The problem with speaking with the parents first is that they will very well likely give you excuses,  become belligerent,  defensive or threaten you should you contact law enforcement.  Let law enforcement do the talking for you and have their dialogue between the parents and law enforcement.  You do not need to be the middle person.

The child's safety trumps jeopardizing your friendship with the child's parents.  The child's welfare takes top priority.

Yes if the parents are unknown/unfamiliar -like if she was their new babysitter (and then of course they could blame her for the handprint!).  She said she considers him like her nephew and therefore the parents are like family.  Yes in some cases alerting parents might put child in more jeopardy but one handprint is not the same as finding the child sexually assaulted, or neglected like dirty/soiled clothing and malnourished. 

I don't mean to put too fine a point just where I'd draw the line as far as the risk of first talking to parents.  Again I think she had to make a judgment call and all is well that ends well for the child.  I also think those parents would have reacted same way even if she had spoken beforehand.  

I was yelled at once in the following scenario.  Playground with a lake across from playground with a huge field in between.  One of the moms found a 3 year old wandering right near the lake.  Brought him to the playground area to see if the parent was there.  Nope.  A group of us moms gathered.  The child was not able to tell us anything. 

We decided that one of us should call the police.  I offered and or was chosen.  Meanwhile other moms watched over the little boy.  I called and while I was describing the situation the mom shows up on a bicycle.
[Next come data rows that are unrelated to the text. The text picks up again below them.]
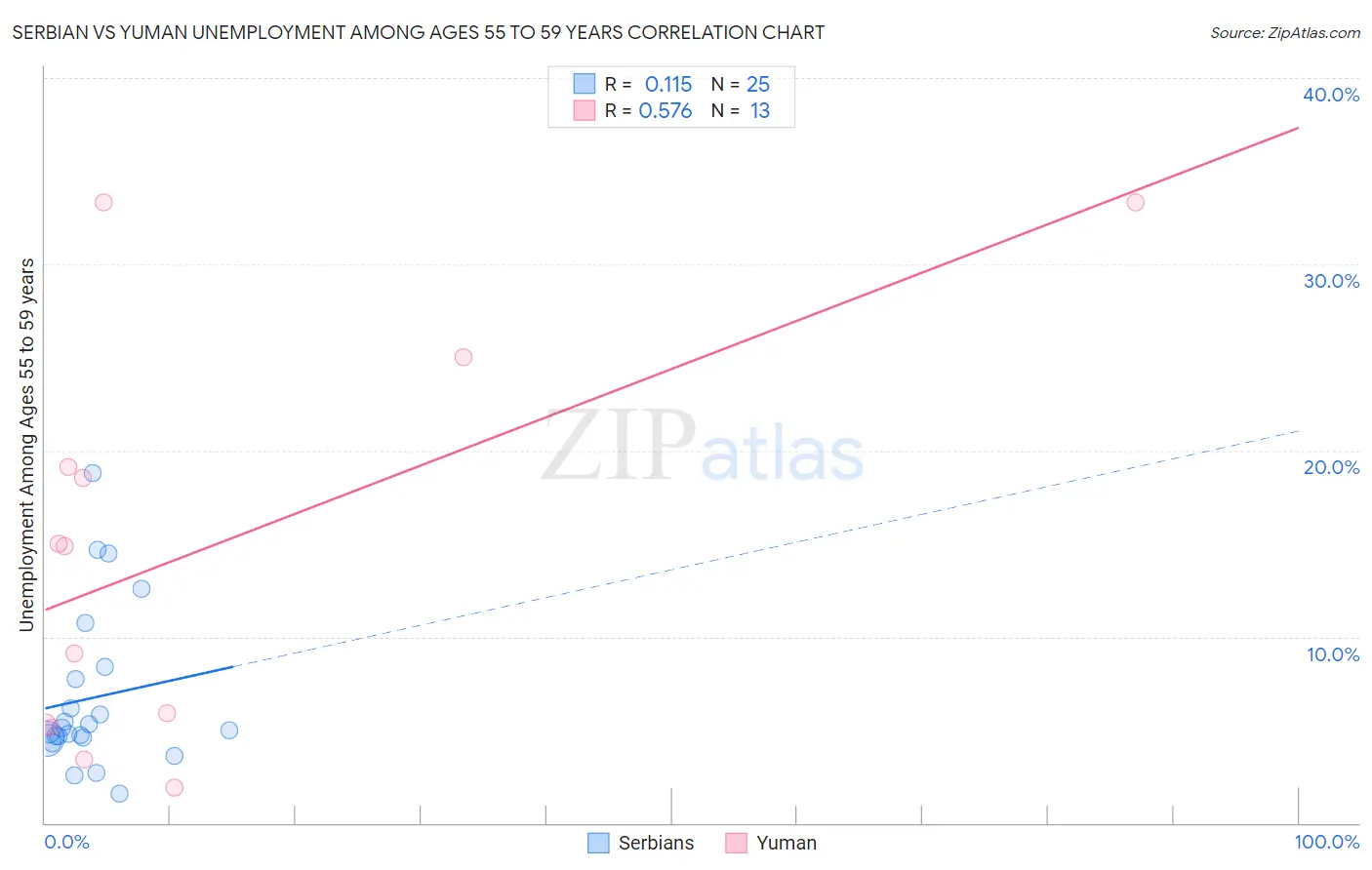 Serbian vs Yuman Unemployment Among Ages 55 to 59 years
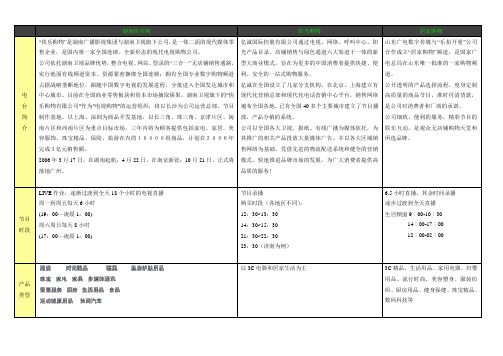 各大电视购物频道分析1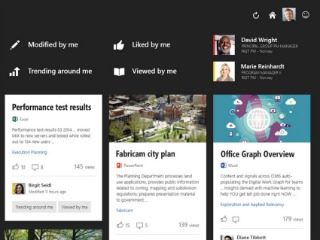 Socializing SharePoint SPC14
This was probably 20 minutes after boy was discovered (but no idea how long he'd been wandering alone)

She'd left her 12 year old daughter in charge (who I guess had also wandered off but then came back?).  She yelled to me "why are you calling the police???"  I of course told police mom was located and ended the call.  I stood my ground and was just happy he was ok.  I think -it's typical for parent to get upset.  And it's not right. She should have been grateful. The mom who saw him near the lake -likely saved his life!!